Edwards yesterday unveiled his plan for veterans with Post Traumatic Stress Disorder. "Under Edwards' plan, veterans could seek counseling for post-traumatic stress disorder outside the Veterans Health Administration system; the number of counselors would increase; and family members would be employed to identify cases of PTSD."
Edwards is still focusing on Nevada -- more so than some think, and he's got pretty good non-Vegas support in the state.
GORE: Any Democratic hope of Al Gore jumping into the presidential race are now dashed with the news that the Nobel Peace Prize winner has taken a job with a Silicon Valley venture capital firm.
OBAMA: The Washington Post profiles the Illinois senator. "Those who know Sen. Barack Obama best swear that this is nothing new: Trailing a powerful name in politics, hurrying to build an organization from scratch, struggling to overcome skepticism that he will ever catch up. 'You know what? The same thing in the U.S. Senate race,' Michelle Obama said of her husband in a recent interview. 'The exact same scenario. This is Barack's political career.'"
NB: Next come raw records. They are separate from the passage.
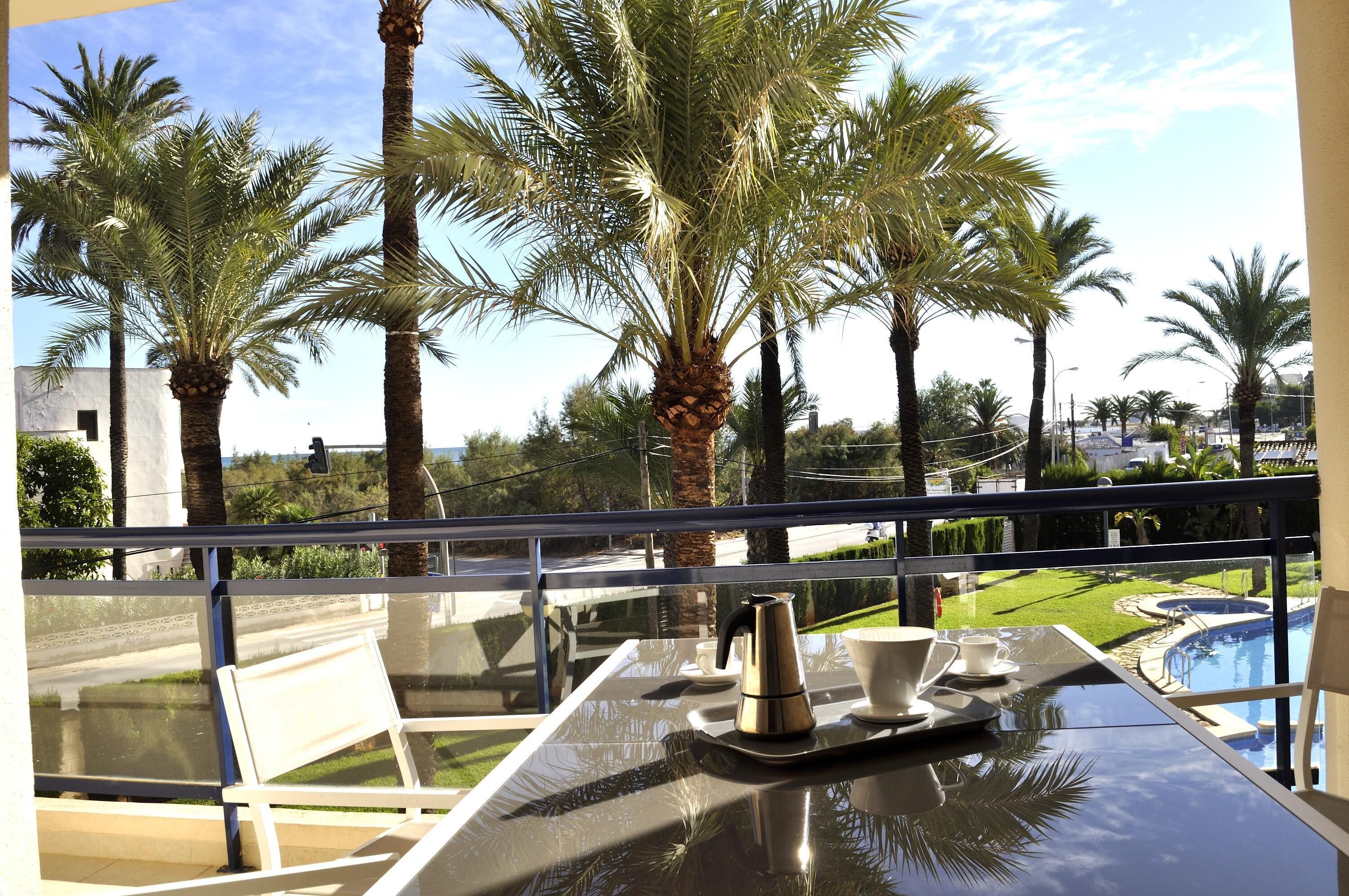 Un balcon avec une table, une cafetière et une tasse, donnant sur une piscine et des palmiers.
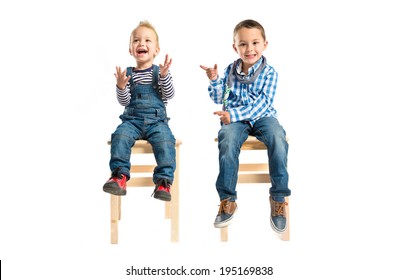 Kids Clapping And Pointing Over White Background 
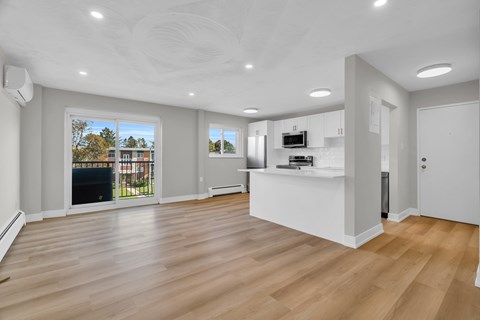 A spacious living room with a fireplace and a television.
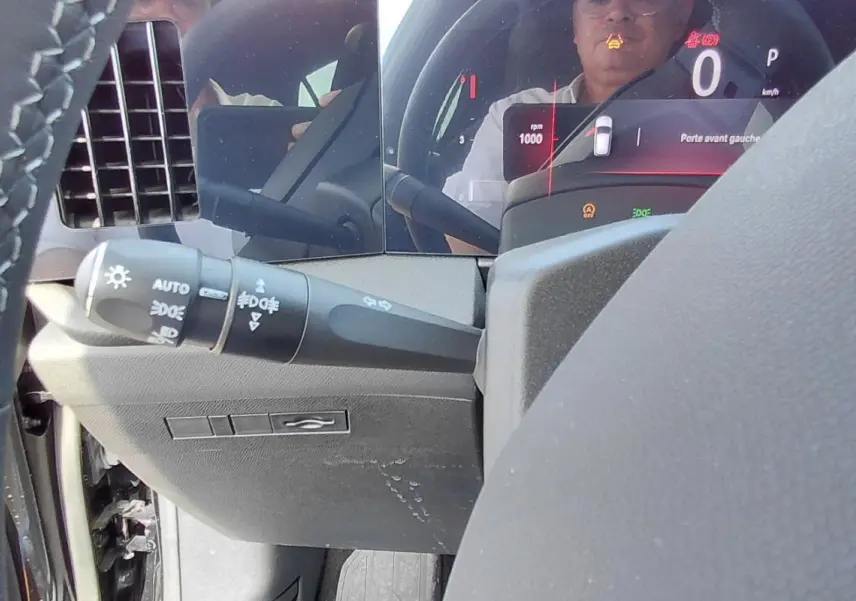 Gros plan sur la commande des feux et le tableau de bord numérique noir de l'Opel Astra 2025 Diesel, côté gauche.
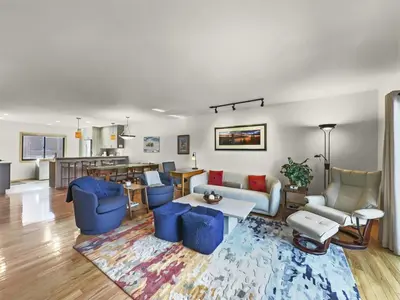 a living room with blue furniture and a kitchen at 732B Meadow Creek Townhouse in Frisco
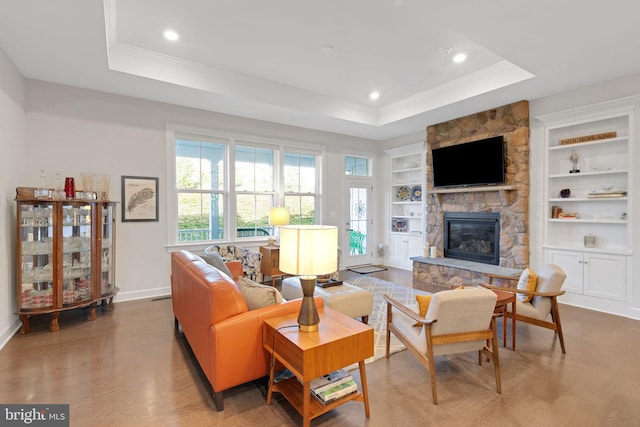 living room featuring a fireplace, built in shelves, light wood-type flooring, and a tray ceiling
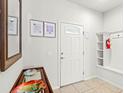 Bright and airy entryway with a bench, mirror and interior door at 2015 Majorca Drive, Kissimmee, FL 34747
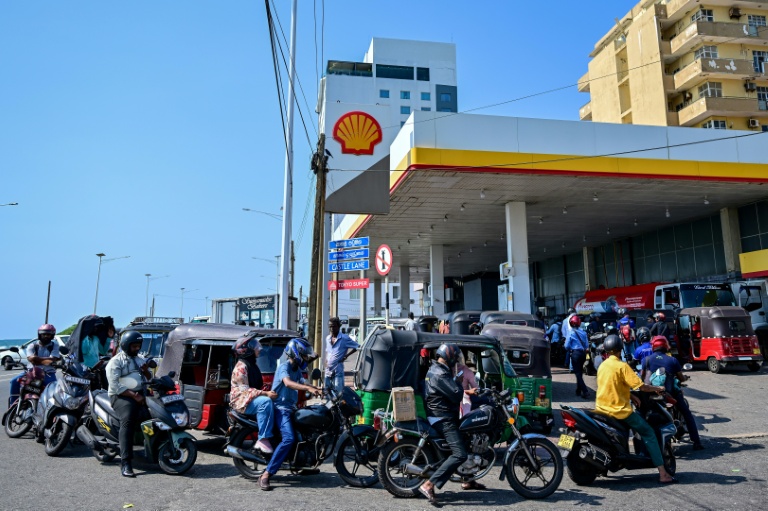 Des motoyclistes font la queue pour prendre du carburant à une station-service de Wellawatte, près de Colombo, le 16 mars 2026 au Sri Lanka 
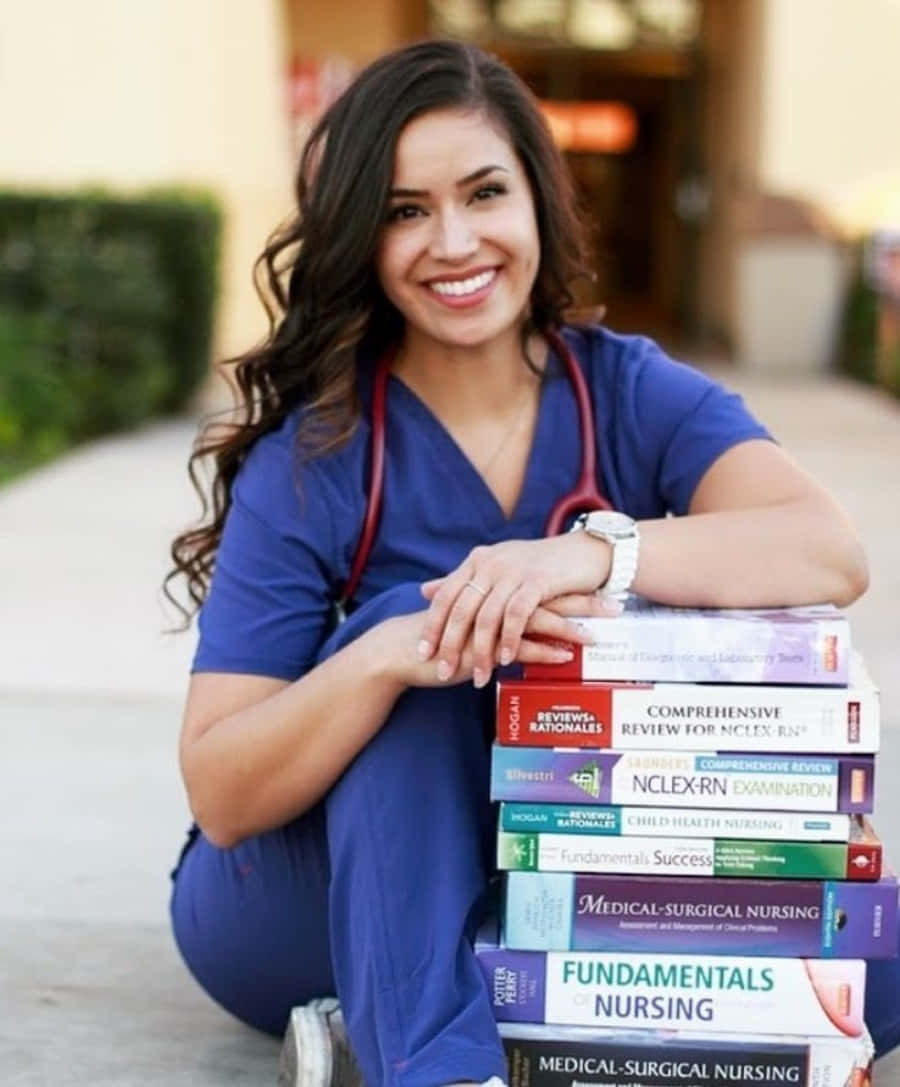 A Young Woman In Scrubs Sitting On A Stack Of Books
More: "Yet one of the singular aspects of Obama's rapid political rise is that he accomplished it without becoming controversial, without being bloodied -- indeed, with hardly a scratch, even in rough-and-tumble Chicago, one of America's most famously political cities. He cut a path largely independent of the Democratic machine, its ward bosses and its byzantine rules of succession. Apart from one disastrous decision to run for Congress, he advanced with strong campaigns and some fortuitous implosions by his rivals."
Per the Union Leader, Obama "vowed to end the war in Iraq within 16 months, refocus the military on the fight with al-Qaeda and engage in diplomacy with enemies of the United States. 'Not only do I want to end the war in Iraq, I want to end the mindset that got us there,' he said."
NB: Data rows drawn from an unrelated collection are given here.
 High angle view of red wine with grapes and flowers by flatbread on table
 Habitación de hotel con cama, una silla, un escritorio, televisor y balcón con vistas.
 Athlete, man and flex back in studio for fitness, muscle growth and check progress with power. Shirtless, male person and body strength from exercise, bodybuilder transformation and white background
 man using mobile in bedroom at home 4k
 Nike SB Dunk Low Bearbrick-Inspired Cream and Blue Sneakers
The AP looks at Obama's role in getting death penalty laws changed in Illinois. "Enactment of the 2003 law was a huge political achievement in a state that had been deeply divided over problems with capital punishment. Obama was at the center of the emotional debate. Legislators and lobbyists who worked with him describe a lawmaker who was personally involved, refused to abandon some needed changes but also demanded compromises from both law enforcement and death penalty critics."
In an interview on MSNBC, Michelle Obama told Mika Brzezinski that "black America will wake up and get it," predicting that the surveys showing lackluster African American support for Obama are "not going to hold." Also, after Barack Obama's success at Saturday's Iowa Democratic Party dinner and a Sunday appearance on Meet the Press, his campaign is capitalizing on the recent gains over Clinton, setting an $850,000 Internet fundraising goal.
Per NBC's Andy Merten, while Obama delivered a toned-down version of his anti-Washington establishment jabs at Hillary Clinton while speaking to reporters yesterday, Obama strategist David Axelrod repeated some of the campaign's charges on MSNBC's Hardball last night. "Senator Clinton is a very, very proficient politician," he told host Chris Matthews, adding: "They're running a textbook campaign, but it's a campaign that's designed to get you through an election -- it's not designed to bring the country together; it's not designed to solve problems."
Axelrod also poked fun at Hillary's newfound "Turn Up the Heat" slogan, saying of his candidate's enthusiastic reception at Saturday's Jefferson-Jackson dinner: "This is the change people are looking for. Not a slogan but real, fundamental change, and how our leaders approach these problems."